26 April, 2013

The Five-Year-Olds

The day of reckoning for some of my cakes is at hand.  I selected five of my five-year-olds, which share a few common traits:
  1. they were all bought in 2008, with quite low prices;
  2. we bought our house in 2008, and so these cakes have known no other storage except for our house;
  3. they have remained untouched on our shelves since then.
Should you be of the mind to do so, Gentle Reader, you may wish to take a quick peek into my updated notes for the following five.  I will summarise at the end of this page for your convenience.



The 2008 Dayi Dajingdian is the "Great Classic":


2008 Dayi Dajingdian





The 2008 8582-801 is the first batch of the classical 8582 recipe from 2008:


2008 Menghai 8582 801





The 2008 Dayi "Menghai Kongque" is the "peacock of Menghai", one of a set of five:


2008 Menghai Kongque





The 2008 Dayi "Mengsong Kongque" is another cake from the same range:


2008 Menghai - Mengsong Peacock
Colour-balance rage!





The 2008 Xiaguan "Duling Fengsao" is a slightly-above-mainstream special cake from Xiaguan, infamous for its blackness akin to Baoyan:


2008 Xiaguan Duling Fengsao




What all five of these cakes also share is a truly surprising sweetness that has developed over the last five years.  The raw aggression of their youth (and it was extremely aggressive in some cases) has attenuated, as if exchanged for this deep, penetrating sweetness.  To varying degrees, they have acquired the humid "woody" characteristics of cakes that are turning the corner.

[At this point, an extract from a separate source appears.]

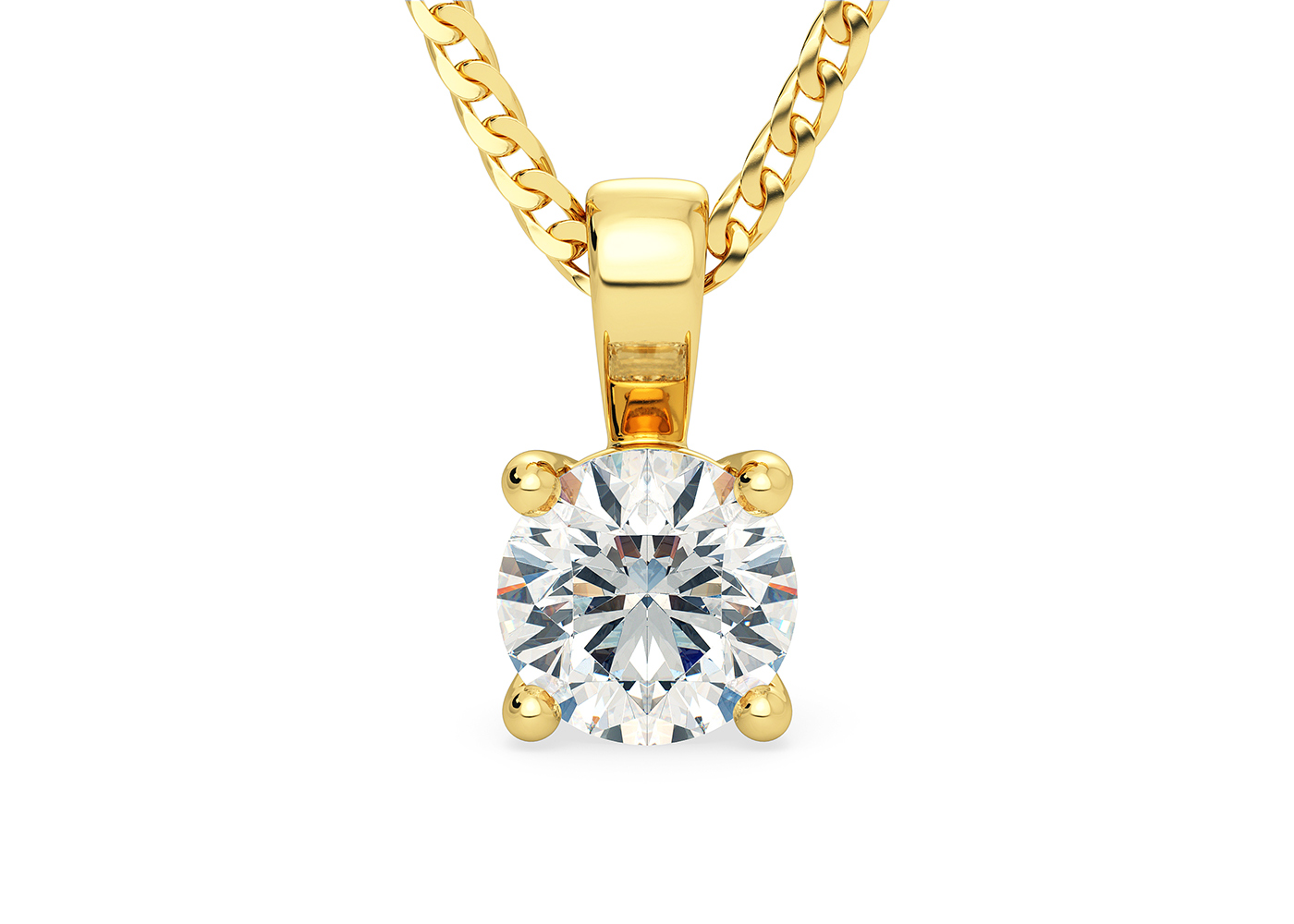 Round Brilliant Ettore Diamond Pendant in 18K Yellow Gold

Each was remarkably encouraging.  My journal, for more than one of the above, waxes lyrical about the sense of satisfaction that accompanies the realisation that we bought these cakes for very little outlay, and that they have become really very pleasant.  Indeed, many of them remain quite inexpensive.  The feeling of satisfaction that corresponds to buying low-priced, but decent, cakes and seeing them improve is, surely, the name of the game that we play.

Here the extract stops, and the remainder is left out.